Zwei Bienenfresser auf einer Wiese
Vorboten des Klimawandels: Eigentlich in den Subtropen und den Tropen beheimatet, zieht es immer mehr Bienenfresser nach Deutschland. (Foto: Sabine Schwarze/​Pixabay)

Der Bienenfresser mag es warm und trocken. Eigentlich ist er im Süden Europas, im nördlichen Afrika und in Asien bis zum westlichen Altai beheimatet. Doch im Sommer 1995 beobachtet der Umweltschützer Ernst Paul Dörfler erstmals, dass ein Pärchen der exotisch bunten Vögel an der Elbe in Mitteldeutschland brütet.

Sie waren gewissermaßen Vorboten des Klimawandels, denn der Bienenfresser profitiert von der Erwärmung der Erde. Sein Verbreitungsgebiet wächst: 2016 zählten Ornithologen schon mehr als 2.000 brütende Paare in Deutschland.
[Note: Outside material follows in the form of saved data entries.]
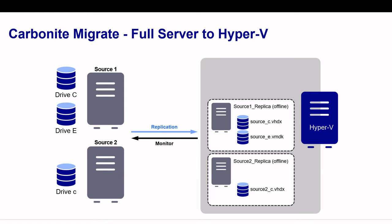Hi, my name is Andy Epps. I'm a solution consultant at OpenText and I specialize in migration and high availability using Carbonite Migrate and Carbonite Availability.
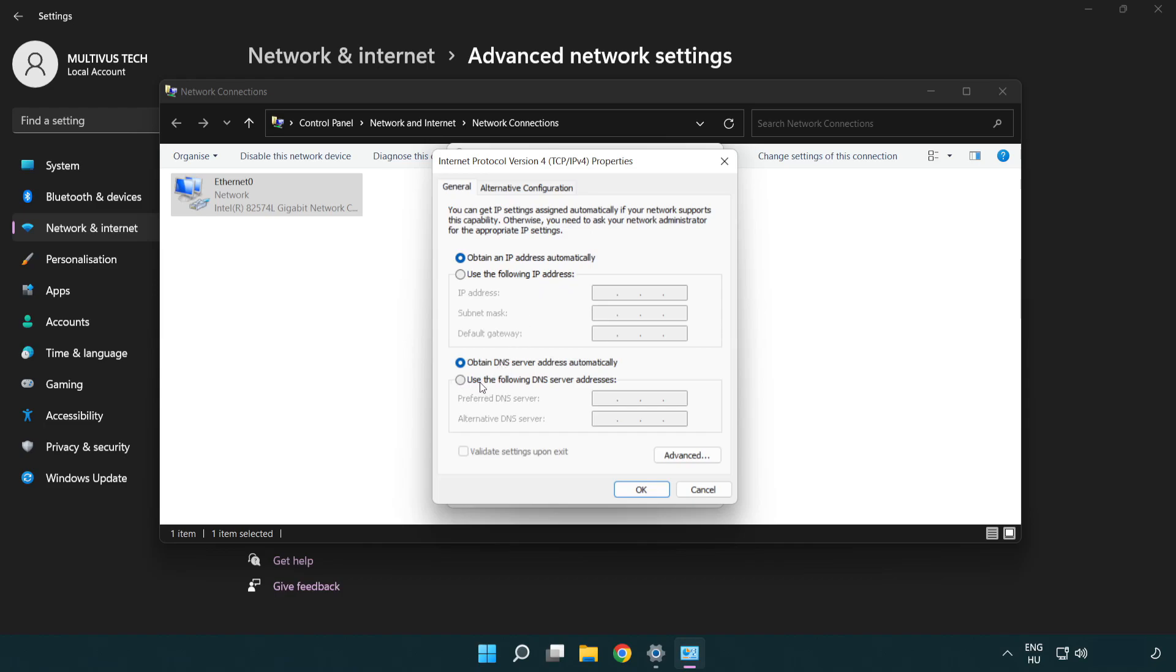Click use the following DNS server addresses. Type 8.8.8.8. Type 8.8.4.4.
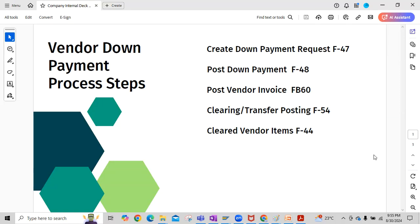Hello guys, welcome back to our accounts payable end user transition processing series. In this video I will demonstrate the end-to-end process of vendor down payment process steps in SAP FICO. There are five steps in the vendor down payment process. The first step is creation of a down payment request.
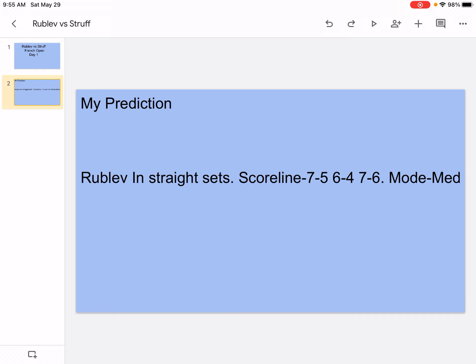Jan-Lennard Struff is a power baseline player. He has a strong serve, good forehand slice, and a solid backhand. He also has a good volley and he's defeated Wawrinka, Cilic, and Thiem before.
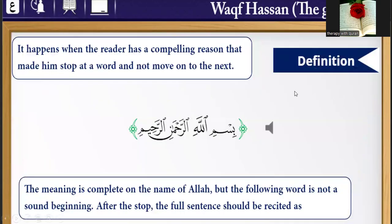The definition of Wakfa Hasan is: it happens when the reader has a compelling reason that makes him stop at a word and not move on to the next. Example: Bismillah ar-Rahman ar-Rahim — the meaning is complete on 'Bismillah,' but the following word does not sound right as a beginning. After the stop, the full sentence should be recited as: Bismillah ar-Rahman ar-Rahim.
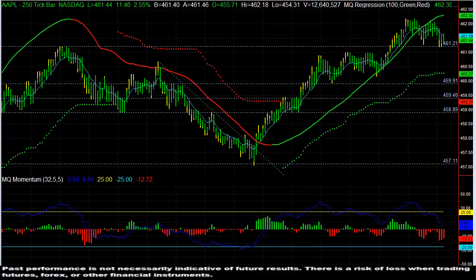Hi, this is Dave Akina with Microquant, and this is the Options Live Trading Room Trade of the Day for Monday, May 6, 2013.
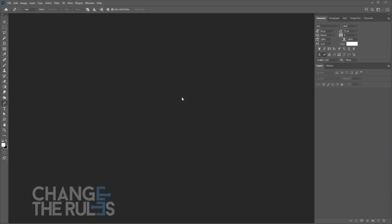Welcome to Photoshop Tricks Under 2 Minutes. In this tutorial I'm going to show you how to use the Photoshop Content-Aware Tracing Tool.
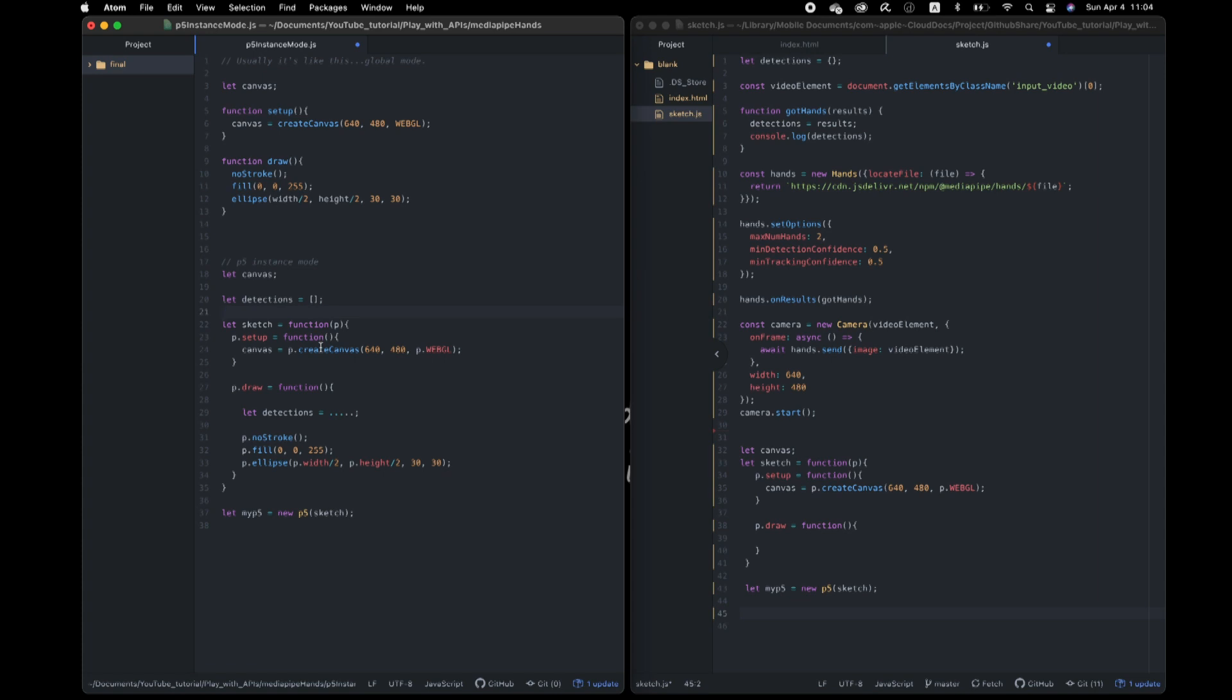But still be able to exchange data with another libraries through those global variables. Which is great. And don't forget to put this argument, p, actually whatever is okay. This argument in front of every P5 functions like this.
Die Vögel stießen sogar bis Mecklenburg-Vorpommern und Schleswig-Holstein vor. Gut die Hälfte der heimischen Population lebt heute in Sachsen-Anhalt, wo Dörfler zu Hause ist. Auch andere südeuropäische Vogelarten wie der Seidenreiher oder die Mittelmeermöwe werden mittlerweile in Deutschland gesichtet.

Ornithologen beobachten noch weitere Phänomene. Immer mehr Zugvögel verändern ihre ursprünglichen Routen oder sie verzichten gleich ganz auf den strapaziösen Flug in den Süden. Nach zahlreichen milden Wintern hat sich die Zahl der hierzulande überwinternden Kraniche innerhalb weniger Jahre verzehnfacht. Mittlerweile trotzen mehrere zehntausend Kraniche den Wintermonaten. Auch Stare, Stieglitze und Lerchen, die üblicherweise in den Mittelmeerraum ziehen, bleiben zunehmend hier – wie Ernst Paul Dörfler festgestellt hat.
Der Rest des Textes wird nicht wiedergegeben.